Да, но ведь в повести примерно то же сказано и не устами Томского:
«Она отерла заплаканные глаза и подняла их на Германна: он сидел на окошке, сложа руки и грозно нахмурясь. В этом положении удивительно напоминал он портрет Наполеона. Это сходство поразило даже Лизавету Ивановну».
Однако тут ведь прямо говорится: она подняла глаза, и этими-то, ее глазами Германн увиден в эффектном свете, — как могло быть иначе у влюбленной или готовой влюбиться девушки, заинтригованной рекомендацией своего партнера по мазурке? Тем более, что этому ее преображающему взгляду предшествовало: «Лизавета Ивановна взглянула на него, и слова Томского раздались в ее душе: у этого человека по крайней мере три злодейства на душе!»
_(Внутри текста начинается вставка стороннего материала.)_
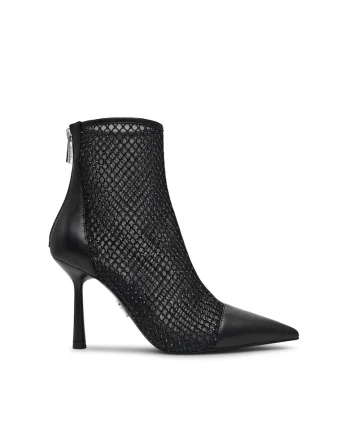 Botine cu varf ascutit si toc, Negru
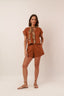 short 100% linho essência da manhã terracota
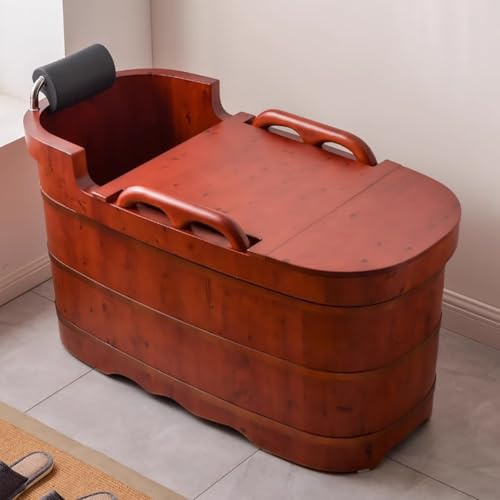PA-DABAOO Bañera Independiente De Madera Maciza con Cubierta Aislante Y Orificio De Drenaje, Bañera Clásica Japonesa, Bañera Ovalada, Espaciosa Y Cómoda,1.5m/4.9ft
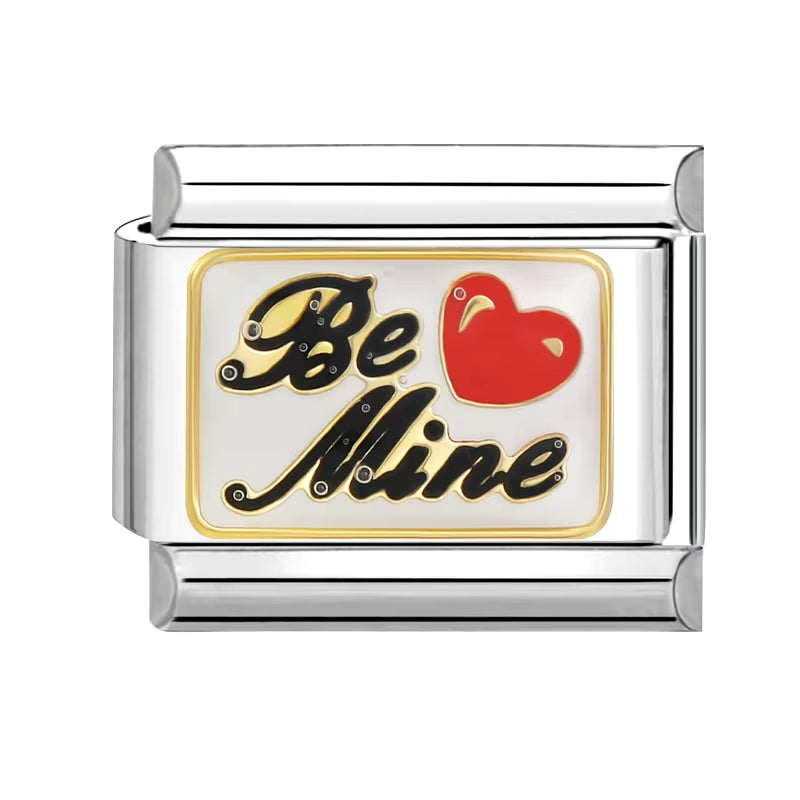 New 1PC Make Money Happy Day Lucky You Good Luck Love You Italian Charm Links Fit 9Mm Stainless Steel Bracelet DIY Making Gifts
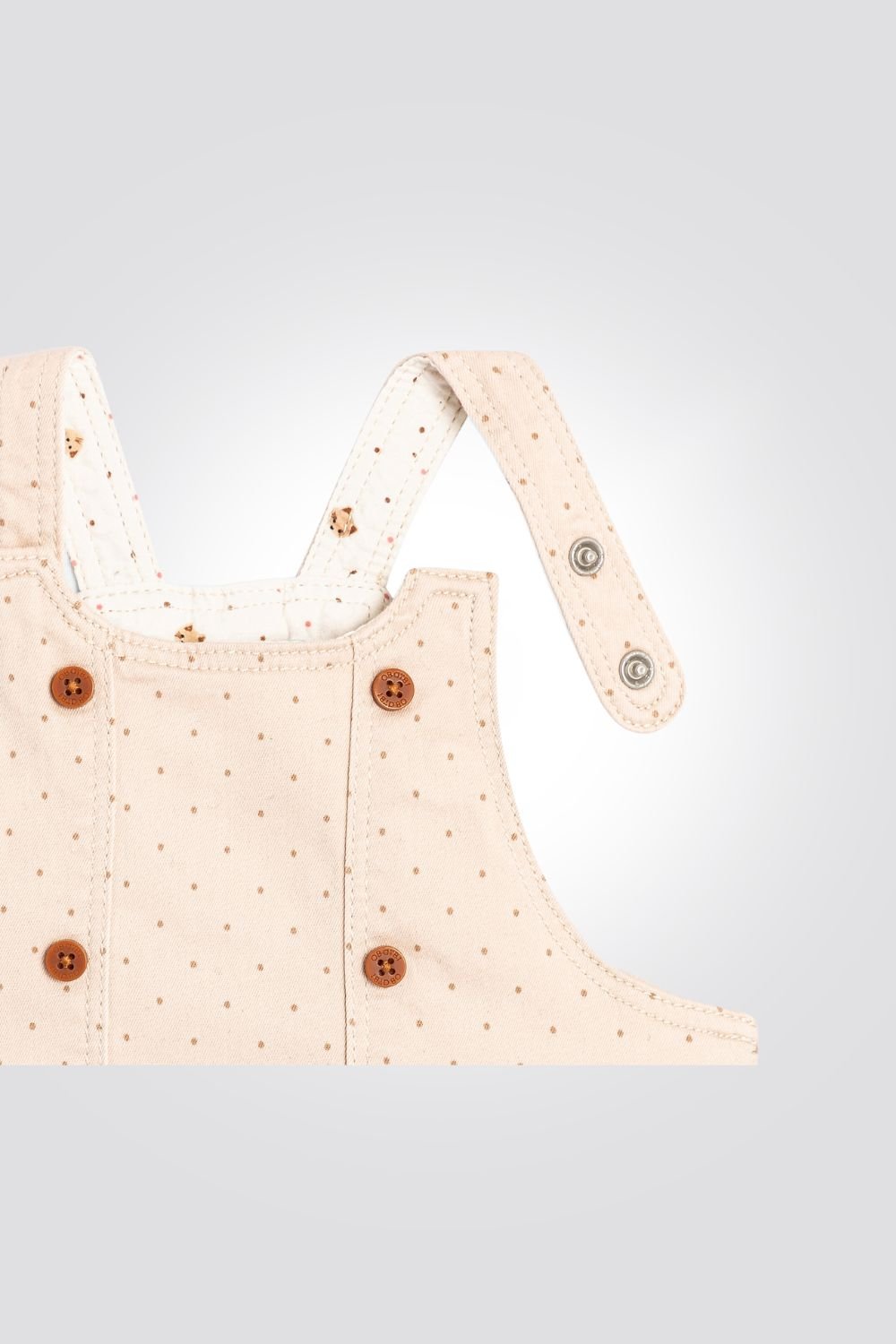 OBAIBI - שמלת סרפן לתינוקות בצבע בז הדפס נקודות - MASHBIR//365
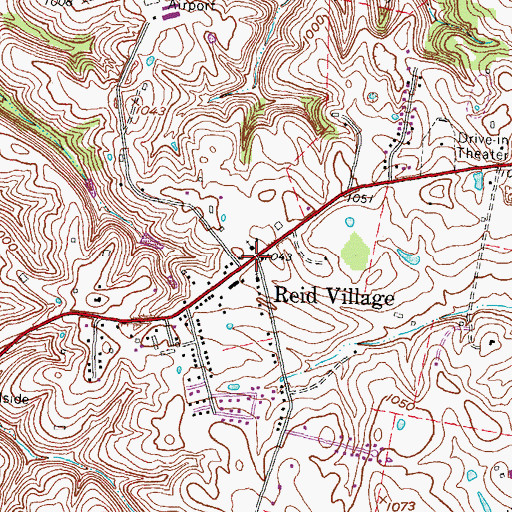 Topographic Map of Reid Village, KY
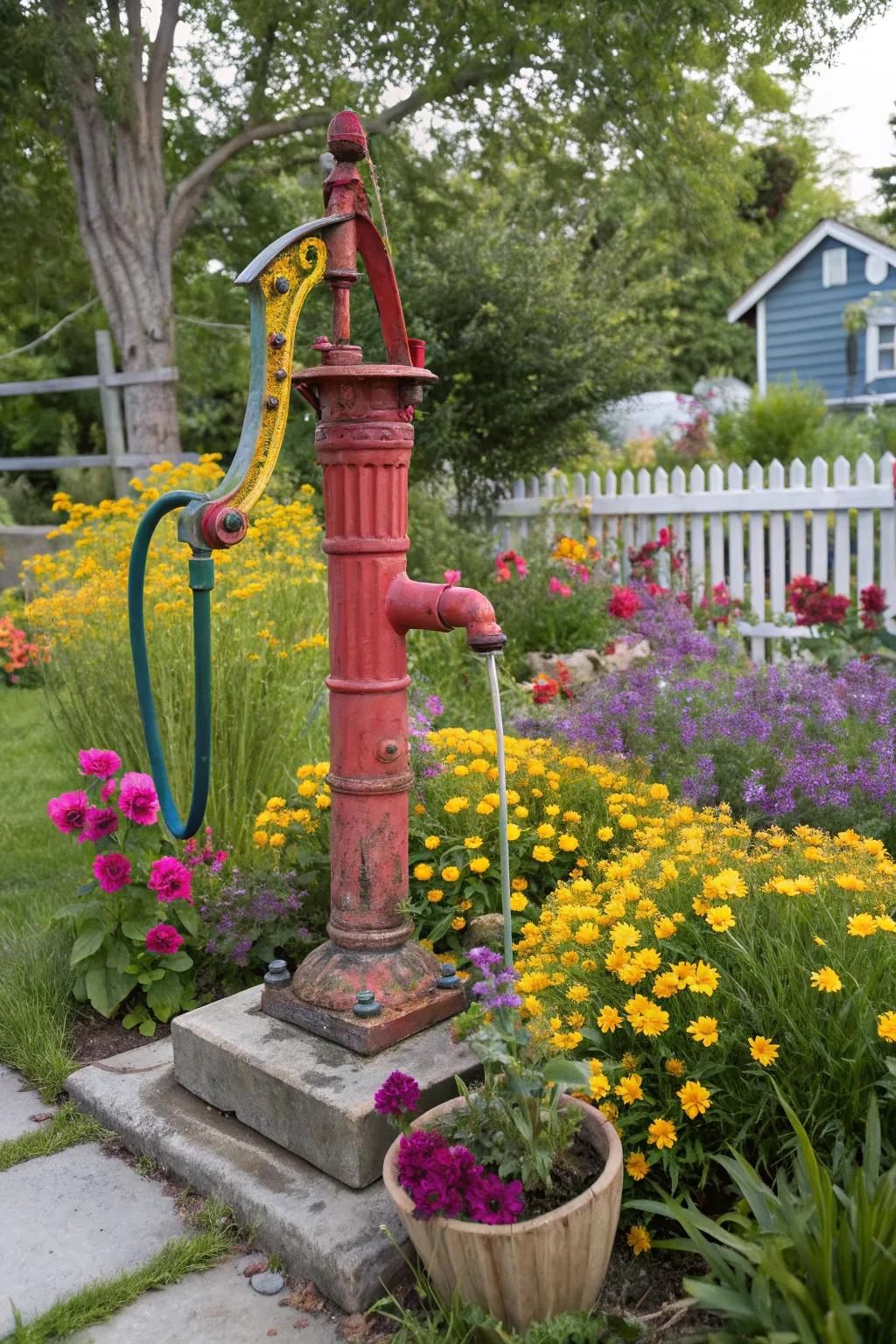 A brightly painted water pump, adding a splash of color to the garden.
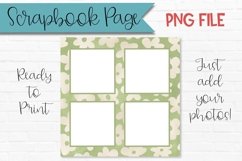 Easter Scrapbook Page Green Floral Pattern Photo Frame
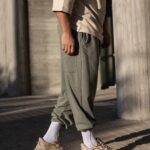 Φόρμα japaneese χακί με κορδόνι baggy σε oversized γραμμή - Image 3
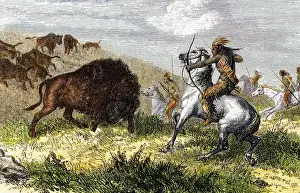 Prairie Prints: Indians hunting bison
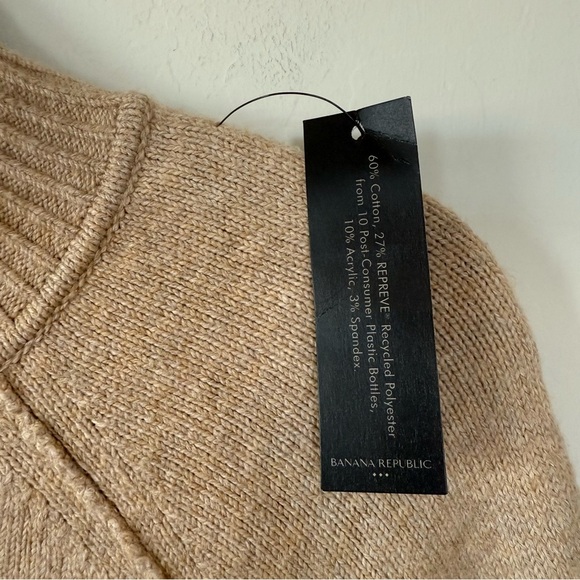 Banana Republic x Repreve NWT Oatmeal Tan Mock Neck Tunic Sweater Dress Medium - Picture 6 of 8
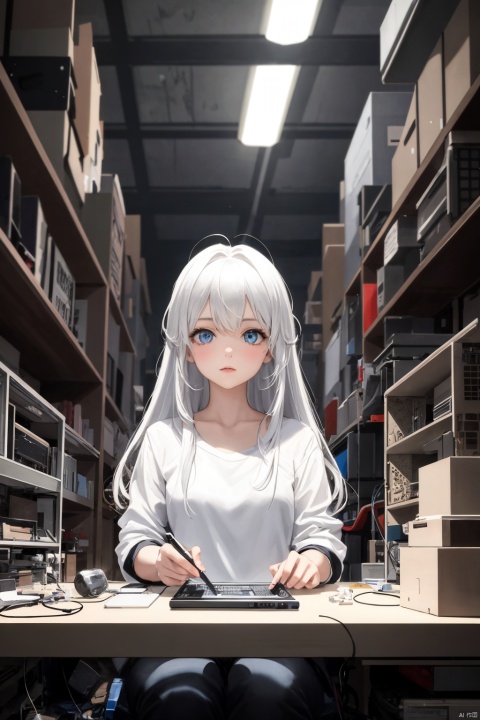  1girl, long hair, bangs, blue eyes, white hair, floating hair,Cubist abstraction, the figure of a girl amidst a geometrically fractured workshop, computer parts as the subject of artistic fragmentation, vibrant color palette, low-angle perspective, sharp lines, high-resolution canvas.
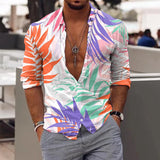 Riolio Men's Floral Shirt Tropic Leaf 3d Print Shirts Men Fashion Hawaiian Shirt Casual Beach Short Sleeve Blouse Men's Lapel Shirt Boy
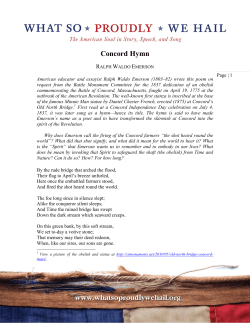 Concord Hymn - What So Proudly We Hail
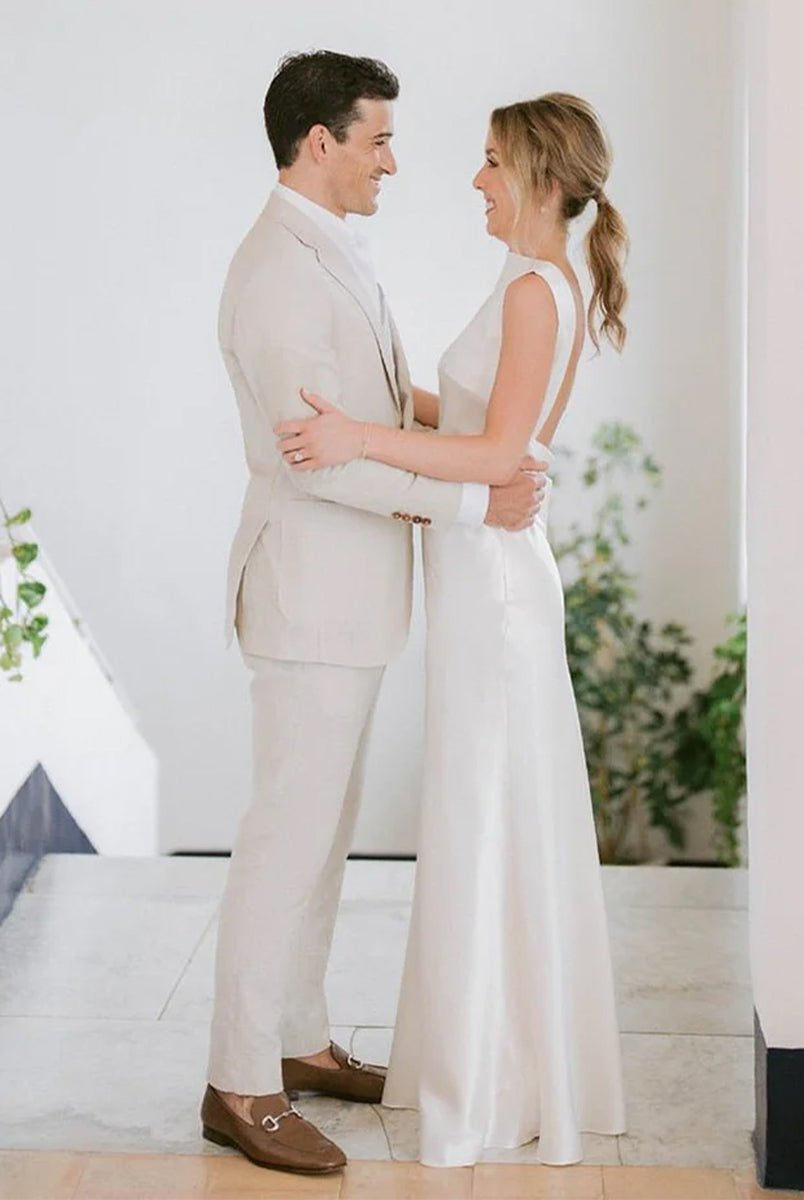 Sheath High Bateau Neck Backless Silk Satin Wedding Dress - KissProm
Право же, если будем такими доверчивыми к неравнодушному взгляду девушки и к характеристикам, даваемым Томским, то отчего не поверить и в эти три злодейства? Даром, что не только на три, даже на одно Германн решительно не способен, и этот Случай исключив для себя с самого начала: «…пистолет мой не заряжен».
Германн куда проще, прозаичнее, чем думается — и думается не одному Томскому (если он вообще говорит, что думает).
«Лизавета Ивановна выслушала его с ужасом. Итак, эти страстные письма, эти пламенные требования, это дерзкое, упорное преследование, все это было не любовь! Деньги, — вот чего алкала его душа!»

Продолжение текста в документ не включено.